AIM has been a poor performer over the past year, but there have nonetheless been many AIM companies that have done well during the period.
The best-performing AIM sector is real estate, which is 14.4% higher over the past 12 months (to 11 April). The sector has a 3.5% weighting in the FTSE AIM All-Share index, which fell by 14.6% over the year. So this represents significant outperformance in a tough period for AIM.
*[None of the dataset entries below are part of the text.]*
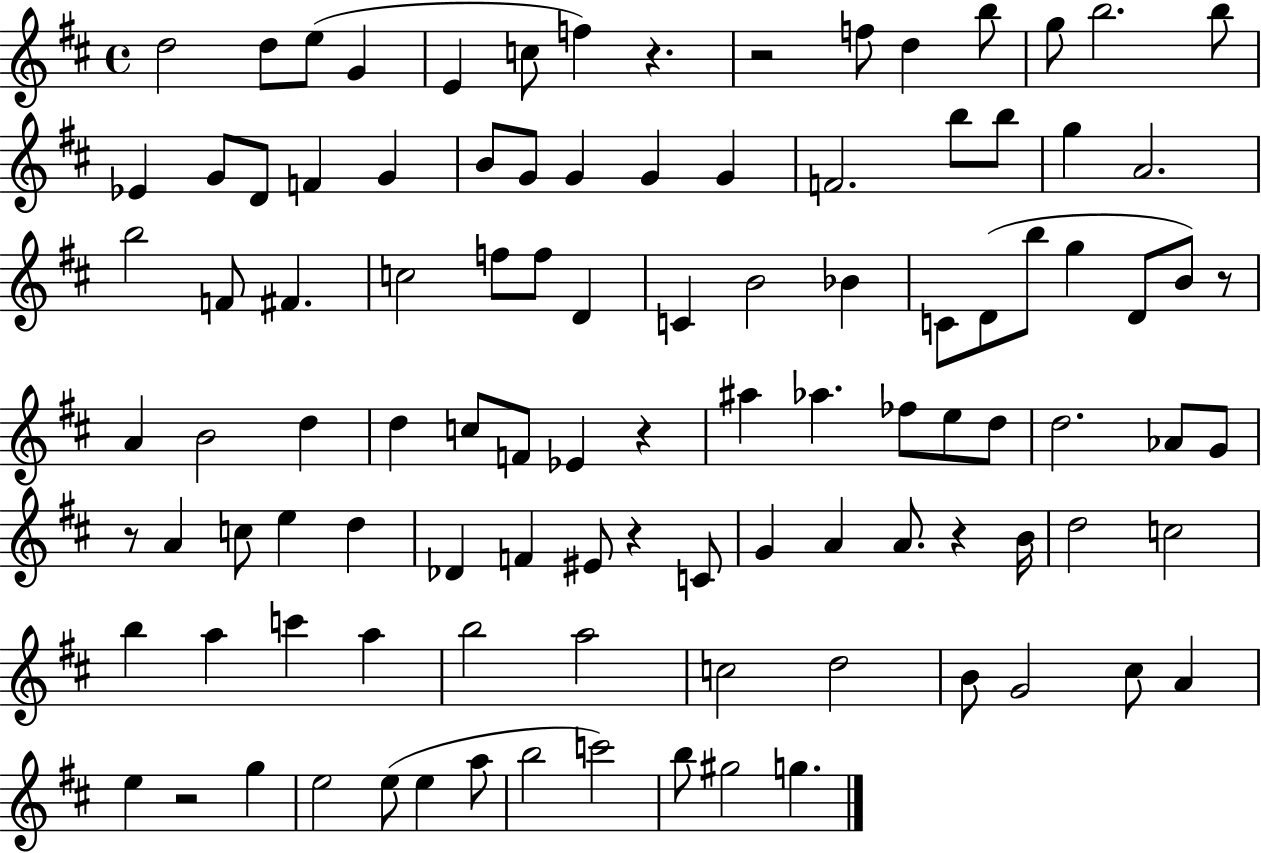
{
  \clef treble
  \time 4/4
  \defaultTimeSignature
  \key d \major
  d''2 d''8 e''8( g'4 | e'4 c''8 f''4) r4. | r2 f''8 d''4 b''8 | g''8 b''2. b''8 | \break ees'4 g'8 d'8 f'4 g'4 | b'8 g'8 g'4 g'4 g'4 | f'2. b''8 b''8 | g''4 a'2. | \break b''2 f'8 fis'4. | c''2 f''8 f''8 d'4 | c'4 b'2 bes'4 | c'8 d'8( b''8 g''4 d'8 b'8) r8 | \break a'4 b'2 d''4 | d''4 c''8 f'8 ees'4 r4 | ais''4 aes''4. fes''8 e''8 d''8 | d''2. aes'8 g'8 | \break r8 a'4 c''8 e''4 d''4 | des'4 f'4 eis'8 r4 c'8 | g'4 a'4 a'8. r4 b'16 | d''2 c''2 | \break b''4 a''4 c'''4 a''4 | b''2 a''2 | c''2 d''2 | b'8 g'2 cis''8 a'4 | \break e''4 r2 g''4 | e''2 e''8( e''4 a''8 | b''2 c'''2) | b''8 gis''2 g''4. | \break \bar "|."
}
Just five of the 19 AIM sub-sectors are higher over one year, including financial services which has barely increased. Media is the next best-performing AIM sub-sector, with a gain of just under 10%.
The FTSE AIM Real Estate sector includes property investment companies and property services companies such as estate agents and lettings businesses.
Urban Logistics REIT (LSE:SHED) was included in the sector until it moved to the main market on 7 December last year. At the time of its move, it had risen by 16.3% since 11 April 2021, and over the full 12-month period it has increased by 30.2%. The initial 16.3% rise will have contributed to the outperformance of the real estate sector, particularly as Urban Logistics was one of the largest constituents before it moved.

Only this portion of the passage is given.